Lycée Joliot Curie 92000 Nanterre

EAF 2016

1ST2S2

Séquence nº 3: la poésie amoureuse du Moyen Âge à nos jours

 

Devoir surveillé

Conception: M. Wattremez

 

Question sur corpus nº 1 - sujet

 

Après avoir lu attentivement les textes du corpus, vous répondrez à la question suivante de façon organisée et synthétique.

De quelle manière les 4 poèmes d'amour traitent-ils en poésie le thème de l'amour?

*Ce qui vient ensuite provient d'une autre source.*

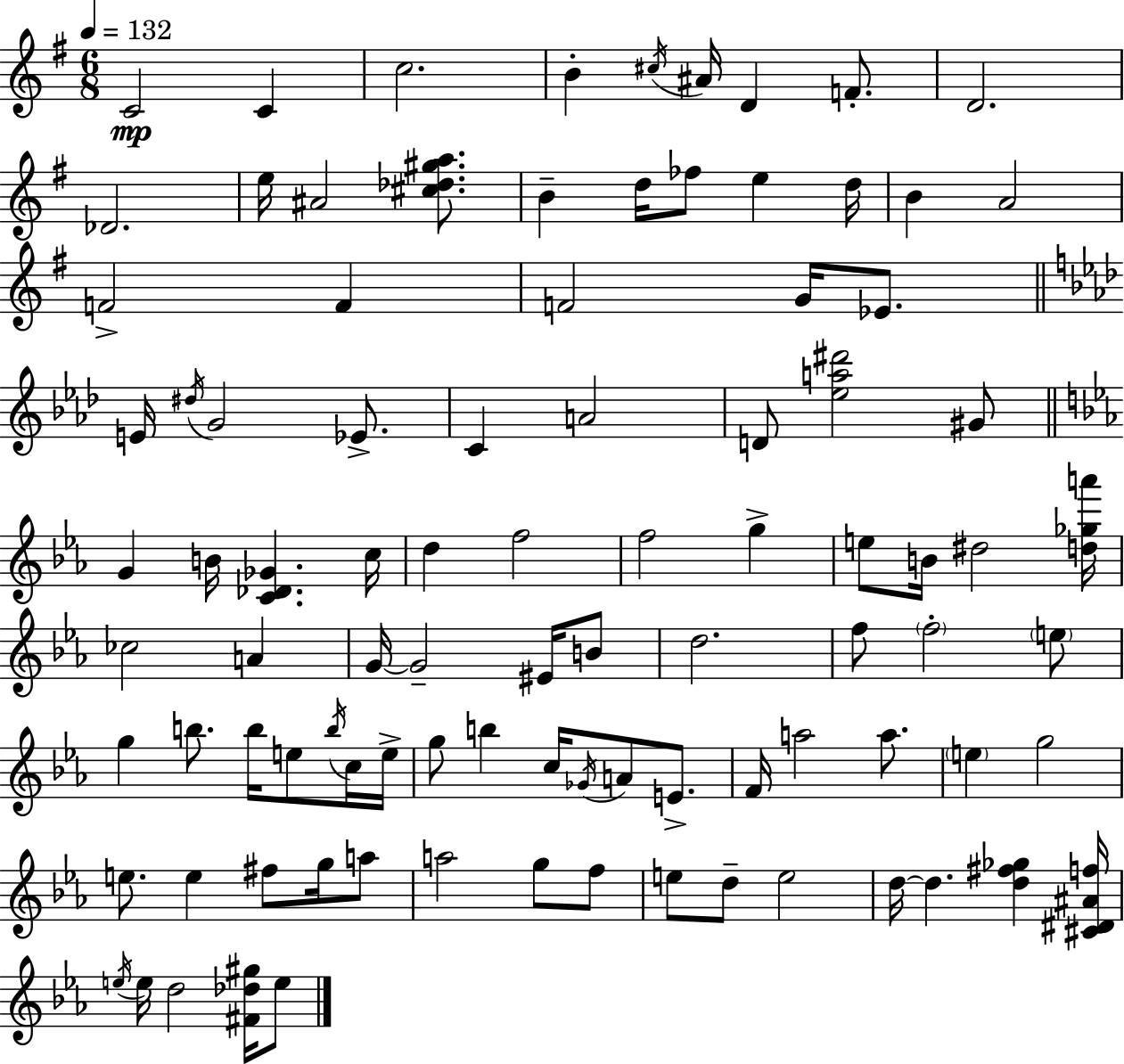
C4/h C4/q C5/h. B4/q C#5/s A#4/s D4/q F4/e. D4/h. Db4/h. E5/s A#4/h [C#5,Db5,G#5,A5]/e. B4/q D5/s FES5/e E5/q D5/s B4/q A4/h F4/h F4/q F4/h G4/s Eb4/e. E4/s D#5/s G4/h Eb4/e. C4/q A4/h D4/e [Eb5,A5,D#6]/h G#4/e G4/q B4/s [C4,Db4,Gb4]/q. C5/s D5/q F5/h F5/h G5/q E5/e B4/s D#5/h [D5,Gb5,A6]/s CES5/h A4/q G4/s G4/h EIS4/s B4/e D5/h. F5/e F5/h E5/e G5/q B5/e. B5/s E5/e B5/s C5/s E5/s G5/e B5/q C5/s Gb4/s A4/e E4/e. F4/s A5/h A5/e. E5/q G5/h E5/e. E5/q F#5/e G5/s A5/e A5/h G5/e F5/e E5/e D5/e E5/h D5/s D5/q. [D5,F#5,Gb5]/q [C#4,D#4,A#4,F5]/s E5/s E5/s D5/h [F#4,Db5,G#5]/s E5/e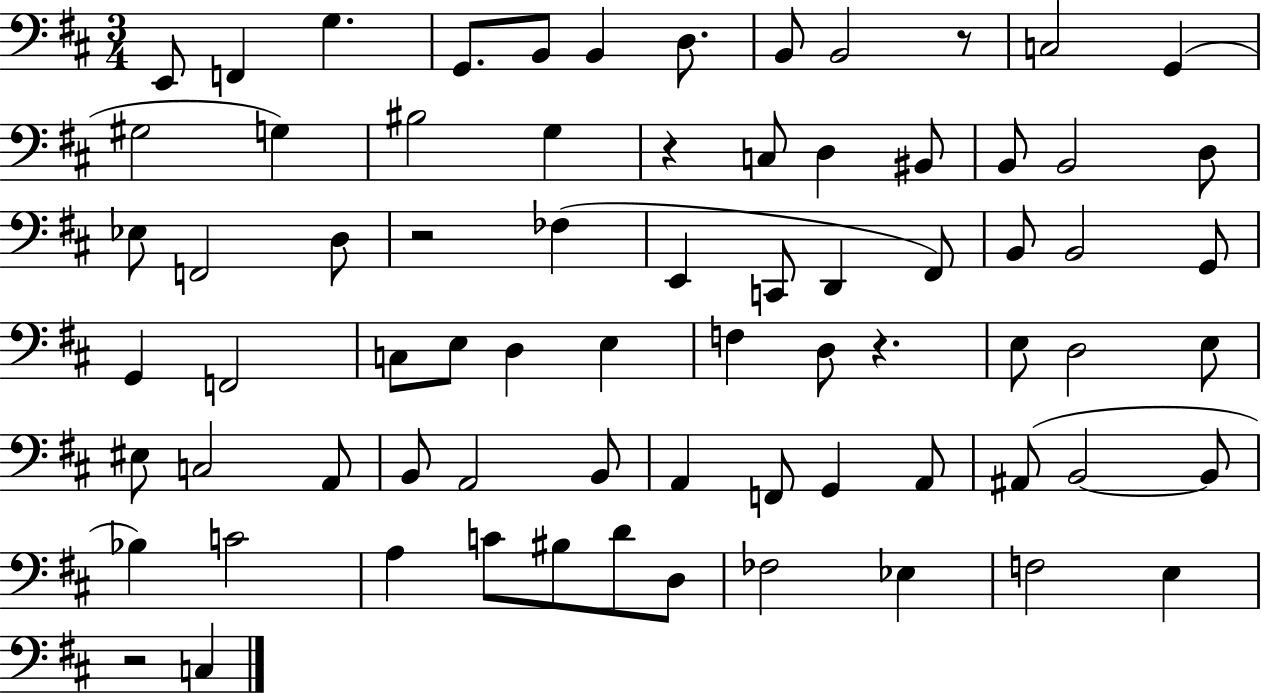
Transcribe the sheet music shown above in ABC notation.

X:1
T:Untitled
M:3/4
L:1/4
K:D
E,,/2 F,, G, G,,/2 B,,/2 B,, D,/2 B,,/2 B,,2 z/2 C,2 G,, ^G,2 G, ^B,2 G, z C,/2 D, ^B,,/2 B,,/2 B,,2 D,/2 _E,/2 F,,2 D,/2 z2 _F, E,, C,,/2 D,, ^F,,/2 B,,/2 B,,2 G,,/2 G,, F,,2 C,/2 E,/2 D, E, F, D,/2 z E,/2 D,2 E,/2 ^E,/2 C,2 A,,/2 B,,/2 A,,2 B,,/2 A,, F,,/2 G,, A,,/2 ^A,,/2 B,,2 B,,/2 _B, C2 A, C/2 ^B,/2 D/2 D,/2 _F,2 _E, F,2 E, z2 C,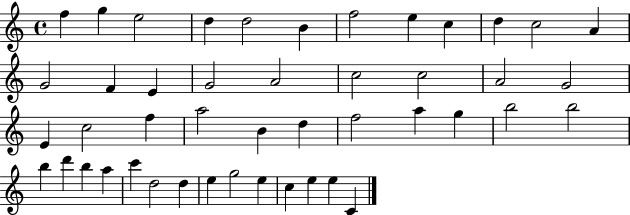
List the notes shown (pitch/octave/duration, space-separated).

F5/q G5/q E5/h D5/q D5/h B4/q F5/h E5/q C5/q D5/q C5/h A4/q G4/h F4/q E4/q G4/h A4/h C5/h C5/h A4/h G4/h E4/q C5/h F5/q A5/h B4/q D5/q F5/h A5/q G5/q B5/h B5/h B5/q D6/q B5/q A5/q C6/q D5/h D5/q E5/q G5/h E5/q C5/q E5/q E5/q C4/q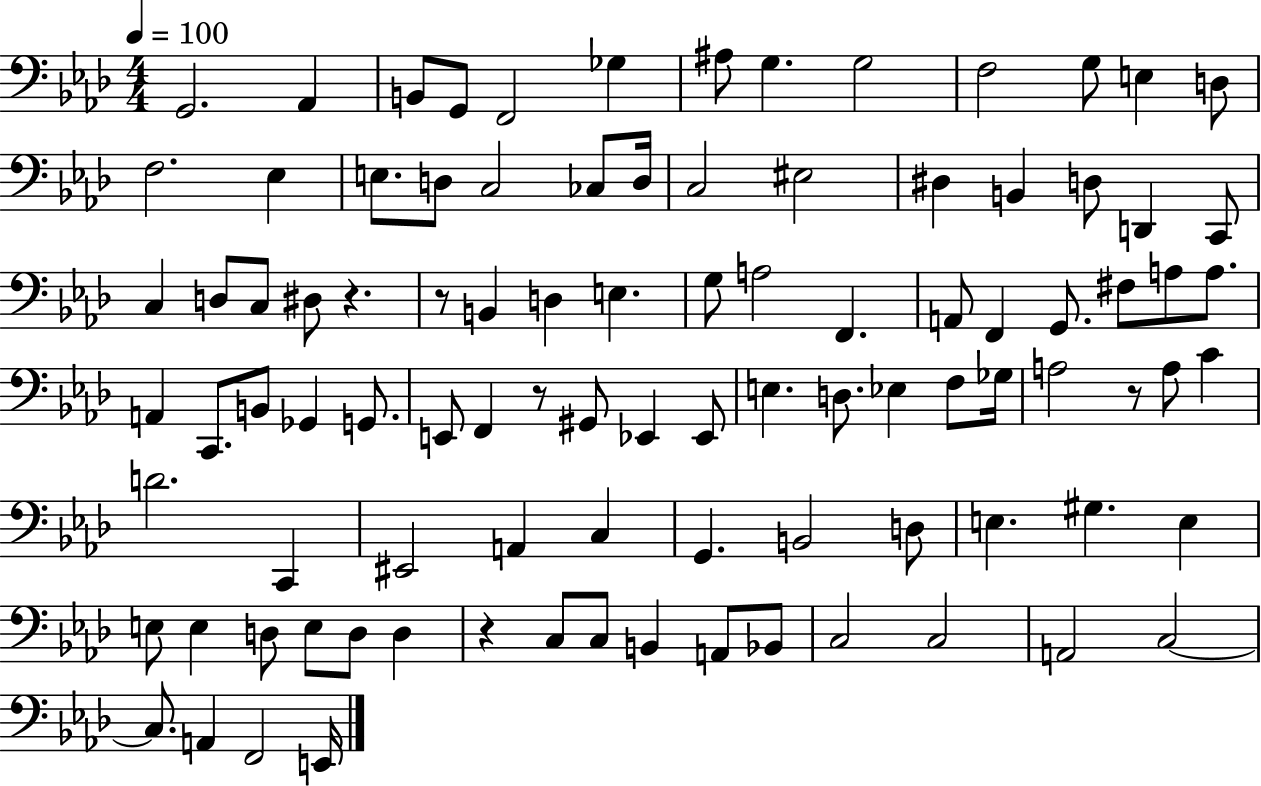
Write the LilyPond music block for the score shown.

{
  \clef bass
  \numericTimeSignature
  \time 4/4
  \key aes \major
  \tempo 4 = 100
  \repeat volta 2 { g,2. aes,4 | b,8 g,8 f,2 ges4 | ais8 g4. g2 | f2 g8 e4 d8 | \break f2. ees4 | e8. d8 c2 ces8 d16 | c2 eis2 | dis4 b,4 d8 d,4 c,8 | \break c4 d8 c8 dis8 r4. | r8 b,4 d4 e4. | g8 a2 f,4. | a,8 f,4 g,8. fis8 a8 a8. | \break a,4 c,8. b,8 ges,4 g,8. | e,8 f,4 r8 gis,8 ees,4 ees,8 | e4. d8. ees4 f8 ges16 | a2 r8 a8 c'4 | \break d'2. c,4 | eis,2 a,4 c4 | g,4. b,2 d8 | e4. gis4. e4 | \break e8 e4 d8 e8 d8 d4 | r4 c8 c8 b,4 a,8 bes,8 | c2 c2 | a,2 c2~~ | \break c8. a,4 f,2 e,16 | } \bar "|."
}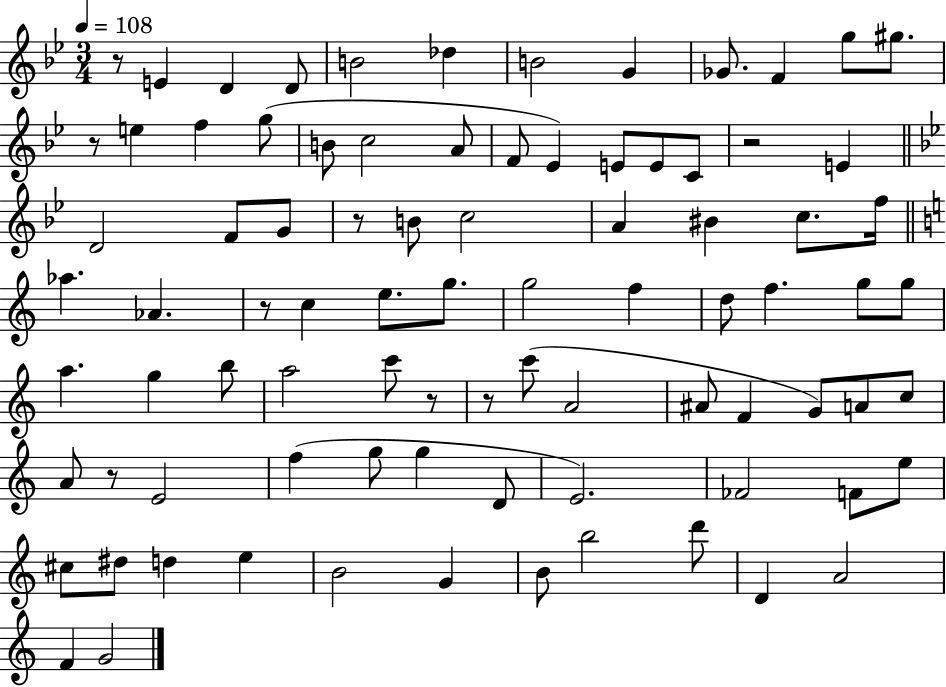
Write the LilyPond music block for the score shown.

{
  \clef treble
  \numericTimeSignature
  \time 3/4
  \key bes \major
  \tempo 4 = 108
  \repeat volta 2 { r8 e'4 d'4 d'8 | b'2 des''4 | b'2 g'4 | ges'8. f'4 g''8 gis''8. | \break r8 e''4 f''4 g''8( | b'8 c''2 a'8 | f'8 ees'4) e'8 e'8 c'8 | r2 e'4 | \break \bar "||" \break \key bes \major d'2 f'8 g'8 | r8 b'8 c''2 | a'4 bis'4 c''8. f''16 | \bar "||" \break \key c \major aes''4. aes'4. | r8 c''4 e''8. g''8. | g''2 f''4 | d''8 f''4. g''8 g''8 | \break a''4. g''4 b''8 | a''2 c'''8 r8 | r8 c'''8( a'2 | ais'8 f'4 g'8) a'8 c''8 | \break a'8 r8 e'2 | f''4( g''8 g''4 d'8 | e'2.) | fes'2 f'8 e''8 | \break cis''8 dis''8 d''4 e''4 | b'2 g'4 | b'8 b''2 d'''8 | d'4 a'2 | \break f'4 g'2 | } \bar "|."
}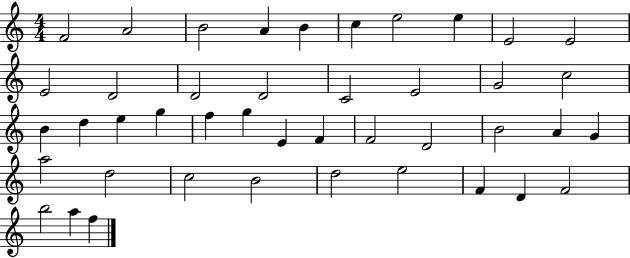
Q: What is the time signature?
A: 4/4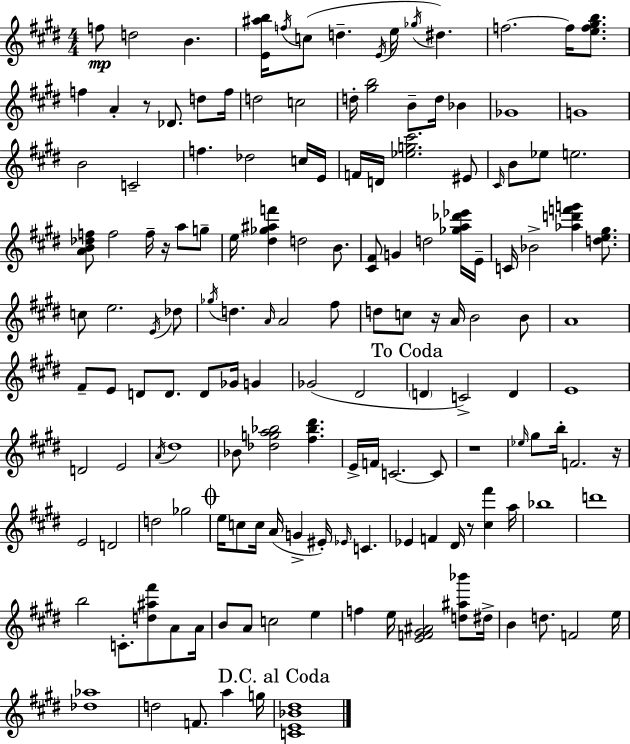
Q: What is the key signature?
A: E major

Vous analyserez non seulement les ressemblances mais aussi les différences.

Corpus : 
Texte A : Pierre de Ronsard, "Comme on voit sur la branche...", Sur la mort de Marie, 1578

Texte B : Charles Baudelaire, "A une passante", Les Fleurs du Mal, 1857, "Tableaux parisiens"
Texte C : Louis Aragon, "Il n'y a pas d'amour heureux", La Diane française, 1946
Texte D : Simonne Michel Azaïs, "Seule", Poèmes interdits, 1953

 

Texte A  

             Comme on voit sur la branche...

 

Comme on voit sur la branche au mois de Mai la rose
En sa belle jeunesse, en sa première fleur
Rendre le ciel jaloux de sa vive couleur,
Quand l’Aube de ses pleurs au point du jour l’arrose :
 
La grâce dans sa feuille, et l’amour se repose,
Embaumant les jardins et les arbres d’odeur :
Mais battue ou de pluie, ou d’excessive ardeur,
Languissante elle meurt feuille à feuille déclose :
 
Ainsi en ta première et jeune nouveauté,
Quand la terre et le ciel honoraient ta beauté,
La Parque t’a tuée, et cendre tu reposes.
 
Pour obsèques reçois mes larmes et mes pleurs,
Ce vase plein de lait, ce panier plein de fleurs,
Afin que vif, et mort, ton corps ne soit que roses.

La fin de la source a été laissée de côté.